╭─ Data in this exercise

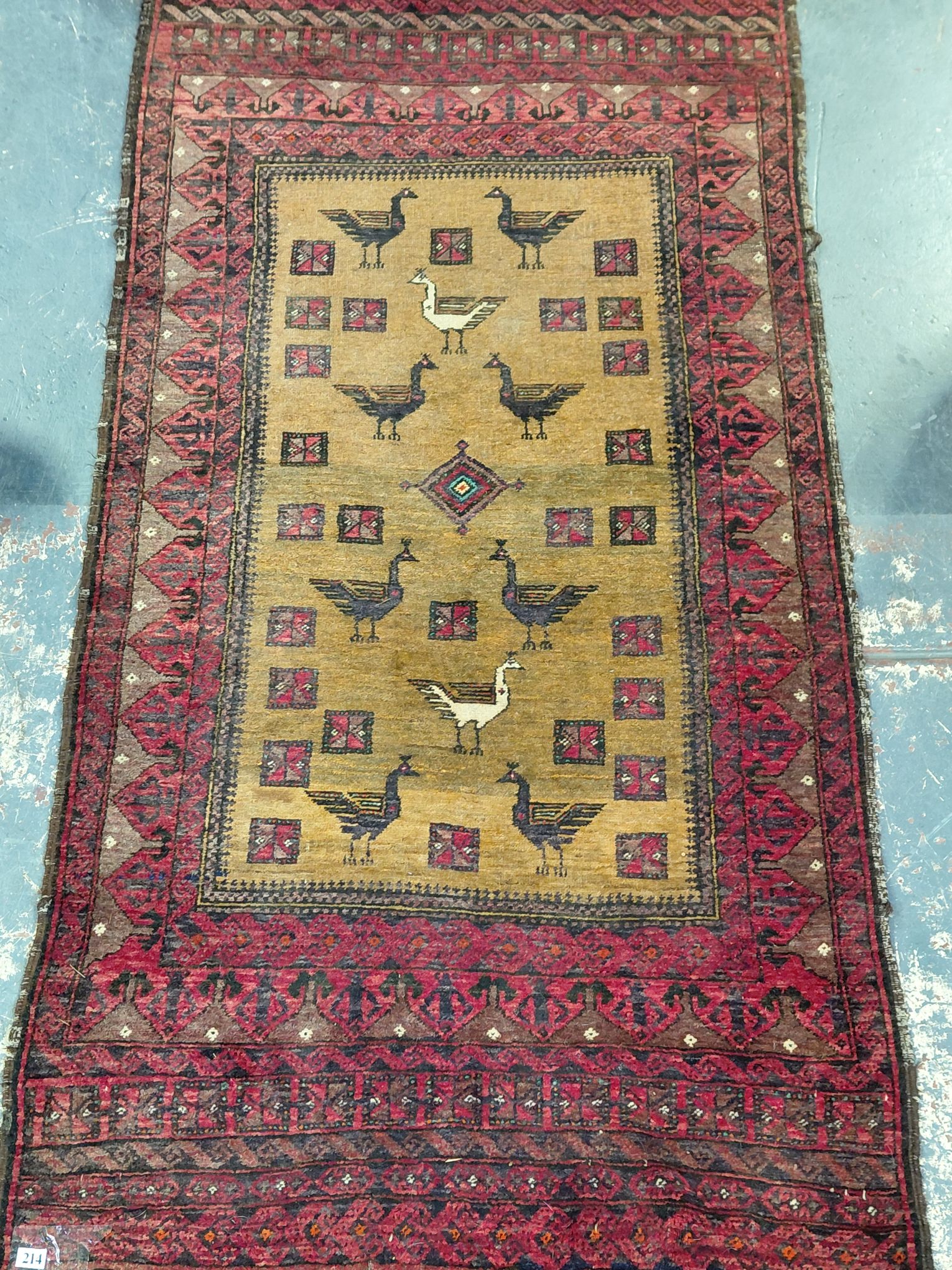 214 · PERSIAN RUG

╰─
╭─ Data in this exercise

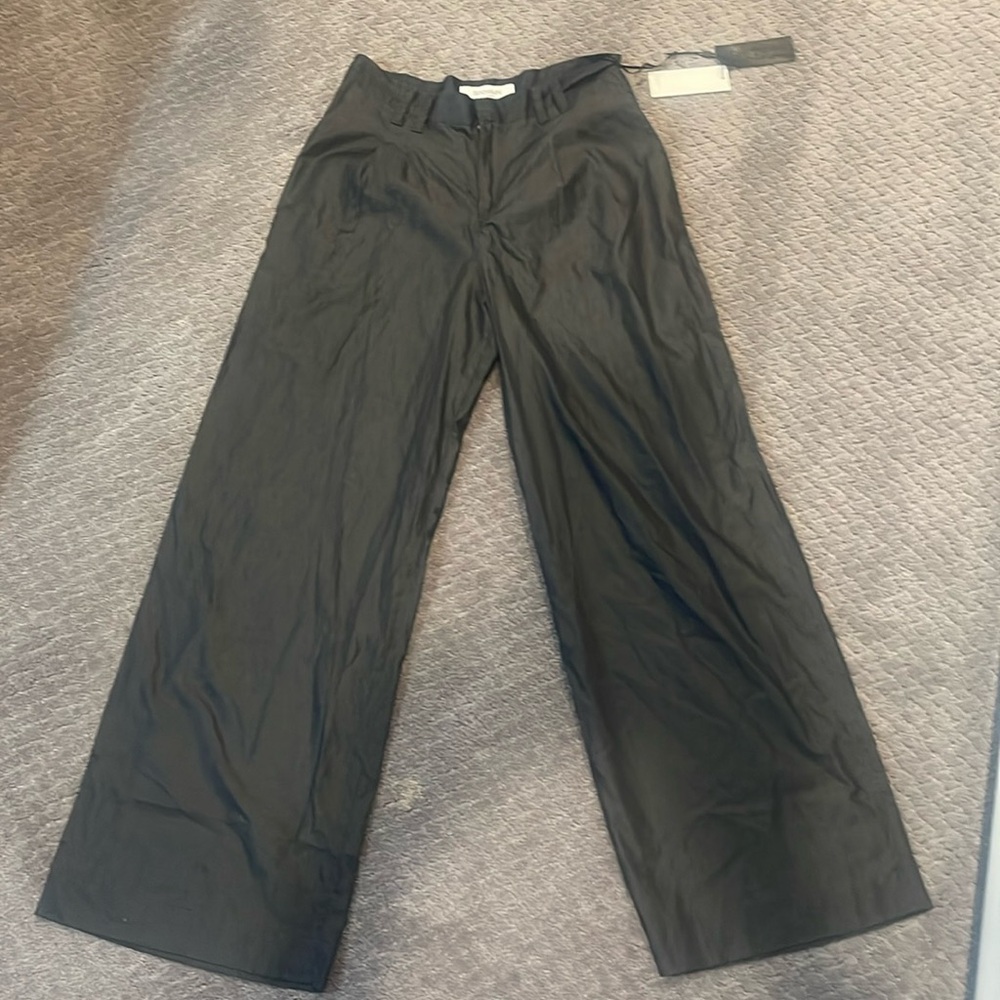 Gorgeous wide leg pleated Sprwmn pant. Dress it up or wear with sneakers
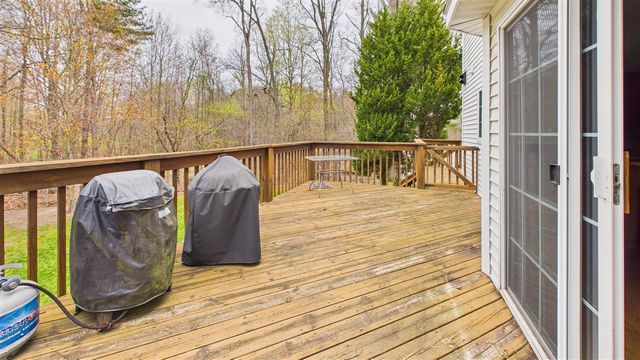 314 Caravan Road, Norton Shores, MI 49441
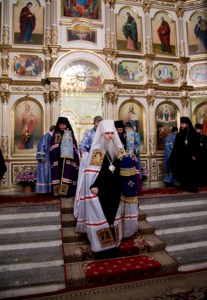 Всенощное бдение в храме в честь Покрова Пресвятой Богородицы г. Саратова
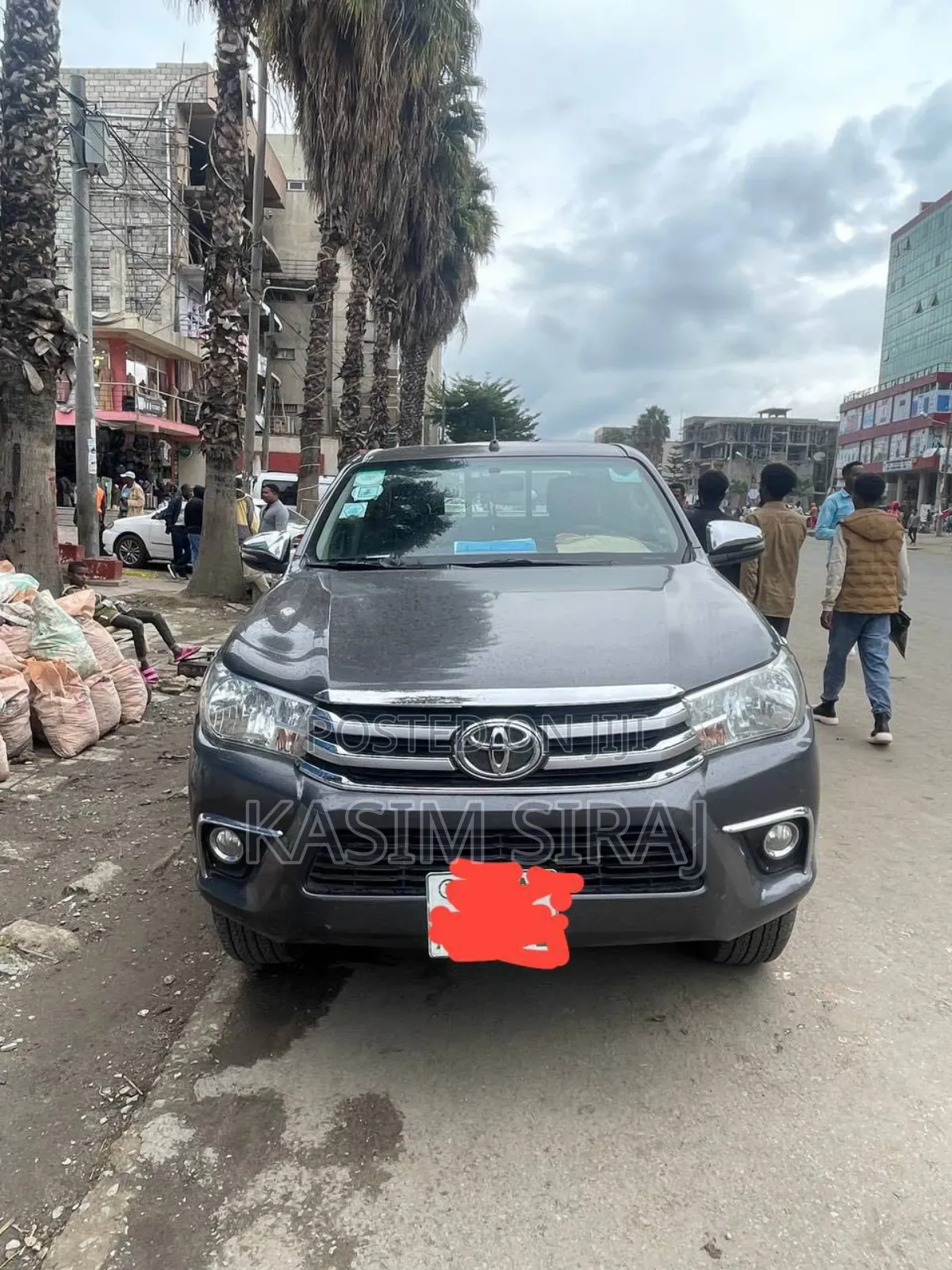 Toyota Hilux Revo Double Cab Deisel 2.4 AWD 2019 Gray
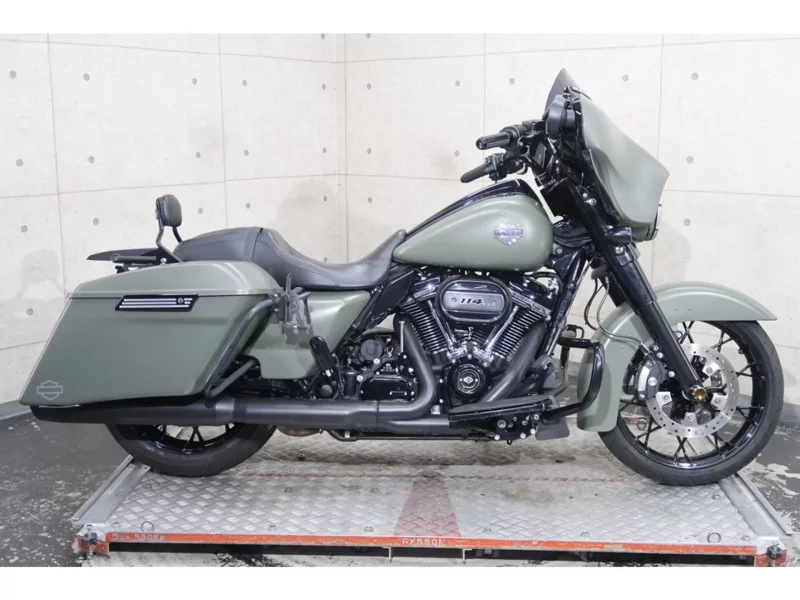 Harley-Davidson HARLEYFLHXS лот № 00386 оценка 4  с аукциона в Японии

╰─

For this exercise, reproduce exactly the lines of the records above from the one with "Toyota Hilux Revo" up to and including the one with "Harley-Davidson HARLEYFLHXS лот", without pictures.

Exercise solution
 Toyota Hilux Revo Double Cab Deisel 2.4 AWD 2019 Gray
 Harley-Davidson HARLEYFLHXS лот № 00386 оценка 4  с аукциона в Японии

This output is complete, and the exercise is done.